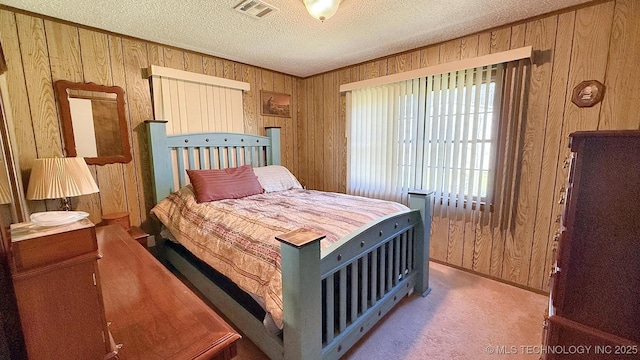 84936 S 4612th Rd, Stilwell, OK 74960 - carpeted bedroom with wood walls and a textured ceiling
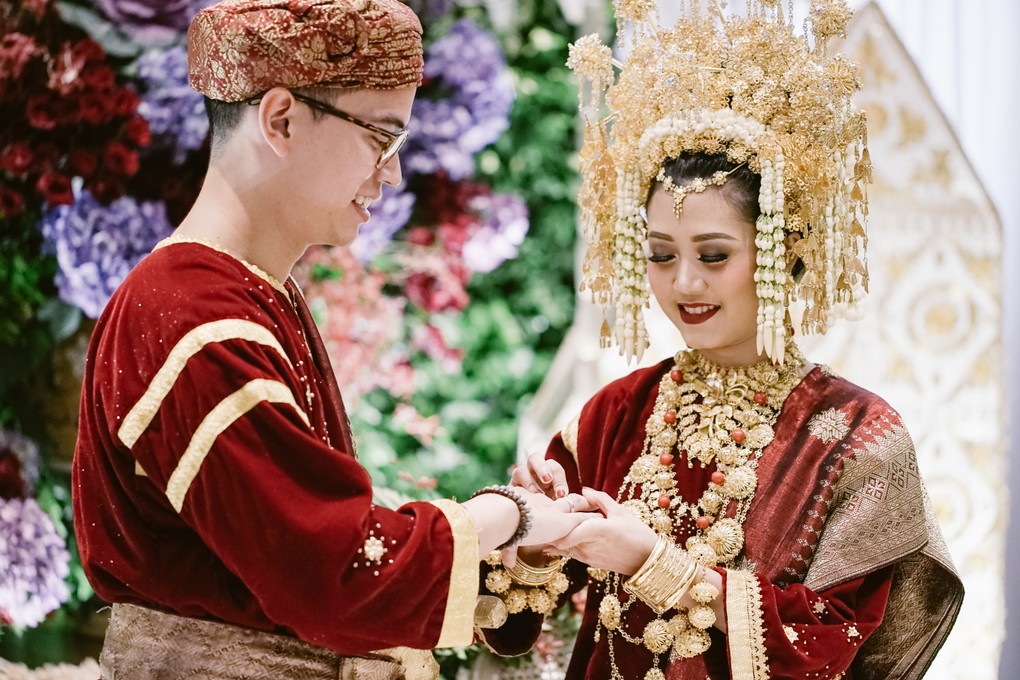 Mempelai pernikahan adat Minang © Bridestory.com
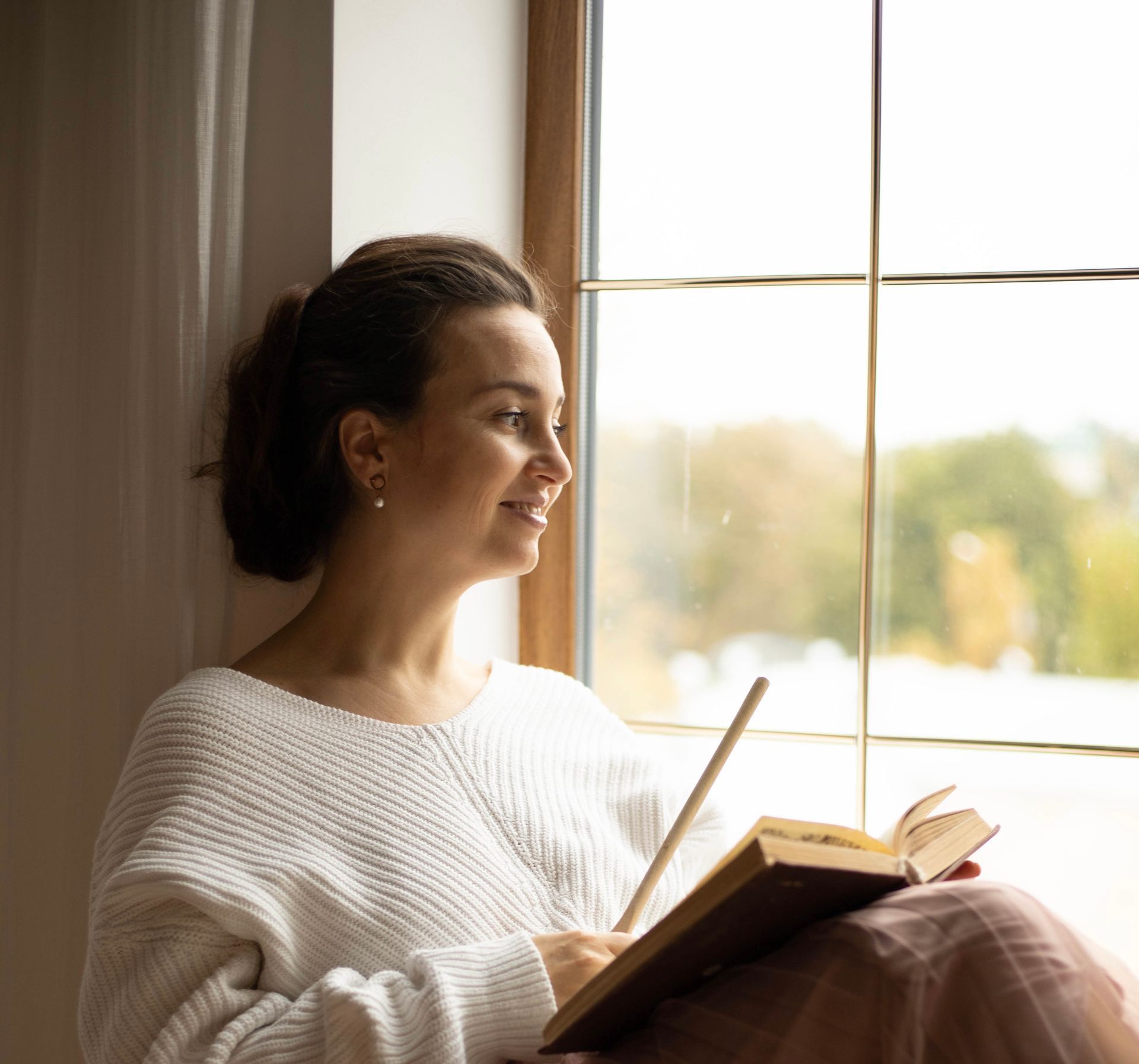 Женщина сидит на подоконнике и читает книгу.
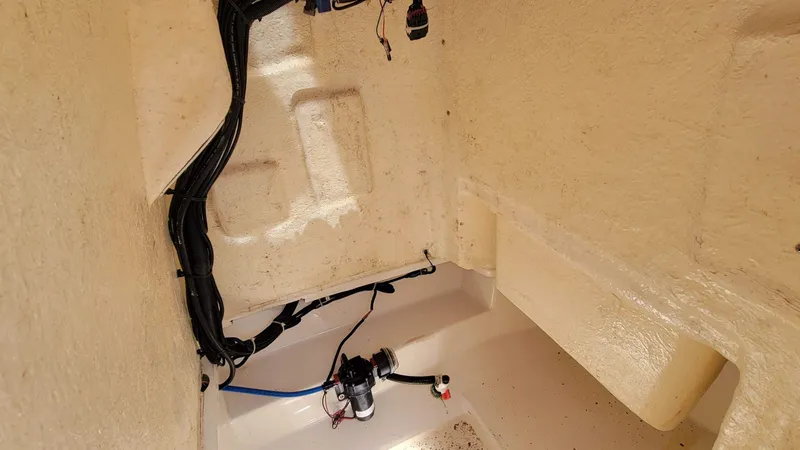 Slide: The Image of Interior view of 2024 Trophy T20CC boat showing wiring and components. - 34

☆ ☆ ☆ ☆

**PROBLEM DETAILS**
Write out exactly, with no pictures, each line from the one containing "Женщина сидит на подоконнике и читает книгу." through the last line of the listing above, both included.

**PROBLEM SOLUTION**
 Женщина сидит на подоконнике и читает книгу.
 Slide: The Image of Interior view of 2024 Trophy T20CC boat showing wiring and components. - 34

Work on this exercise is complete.